FortiGate61 E or F needs to be rebooted to restore connection to WAN1
We are having to periodically reboot our FortiGates to restore its connection to WAN1 after it has failed-over to WAN2. The service to the ISP modem that is connected to WAN1 appears to drop momentarily and restores on its own or restores after the ISP modem is rebooted but the FortiGate will not reconnect to WAN1 unless the FortiGate is rebooted.
FortiIOS Firmware v6.4.5
WAN1 and WAN2 are configured for DHCP
The following is the SLA and WAN-Failover we currently use in our configuration:
config health-check edit "Internet SLA" set server "126.96.36.199" "188.8.131.52" set interval 1000 set failtime 60 set recoverytime 180 set members 0 config sla edit 1 set latency-threshold 500 set jitter-threshold 500 set packetloss-threshold 10 next end next end config service edit 1
set name "WAN-Failover" set mode sla set dst "all" set src "Local Store" config sla edit "Internet SLA" set id 1 next end set priority-members 1 2
I have not determined where the issue lies, but at reviewing the system event logs on a FGT that experienced this issue yesterday, it shows the link-monitor for interface WAN1 and the primary VPN going down and the link-monitor for backup interface WAN2 coming up, but once it is determined that the primary ISP modem is online and the FGT and ISP gateways can be pinged from WAN1, the only way to get it to fail back over to WAN1 is to reboot the FGT.

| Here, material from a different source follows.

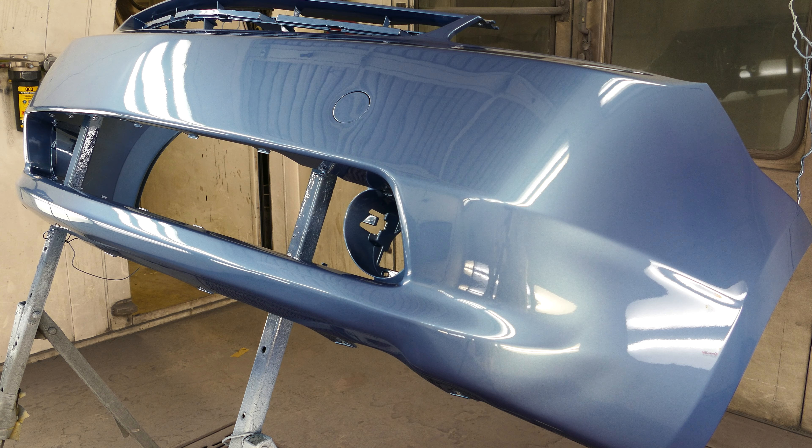I'd like to reiterate that we are a certified repair facility through Sure Performance. We're certified for GM repairs, Chrysler repairs, Ford repairs, Nissan, and we just added Hyundai. We're also certified to repair the all-aluminum Ford F-150 that is new to the market, and we have all the tools and processes to properly repair that vehicle as well.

If your FortiGate 61E or 61F needs to be rebooted to restore connection to WAN1, it could be due to several reasons. Here are some steps you can take to troubleshoot the issue:
Check the physical connection: Ensure that the WAN1 interface is securely connected to the appropriate network device and that there are no physical issues with the cable.
Check the WAN1 configuration: Verify that the WAN1 interface is configured correctly. Check the IP address, subnet mask, default gateway, and DNS settings.
Check the DHCP lease time: If you are using DHCP to obtain an IP address for the WAN1 interface, check the DHCP lease time. If the lease time has expired, the FortiGate may lose the WAN1 IP address and need to be rebooted to restore the connection.
Check the WAN1 status: Check the status of the WAN1 interface. If the interface is down, try to bring it up manually by running the command "execute wan1" from the CLI.
Check the FortiGate logs: Check the logs for any error messages related to the WAN1 interface. The logs can be found in the FortiGate web interface under Log & Report > Log Access > Forward Traffic.
Update the firmware: If the issue persists, check for firmware updates for the FortiGate. Firmware updates may address known issues that can cause connectivity problems.
Contact Fortinet support: If you have tried all of the above steps and are still experiencing issues, contact Fortinet support for further assistance. They can help you diagnose the issue and provide guidance on resolving the problem.
The Fortinet Security Fabric brings together the concepts of convergence and consolidation to provide comprehensive cybersecurity protection for all users, devices, and applications and across all network edges.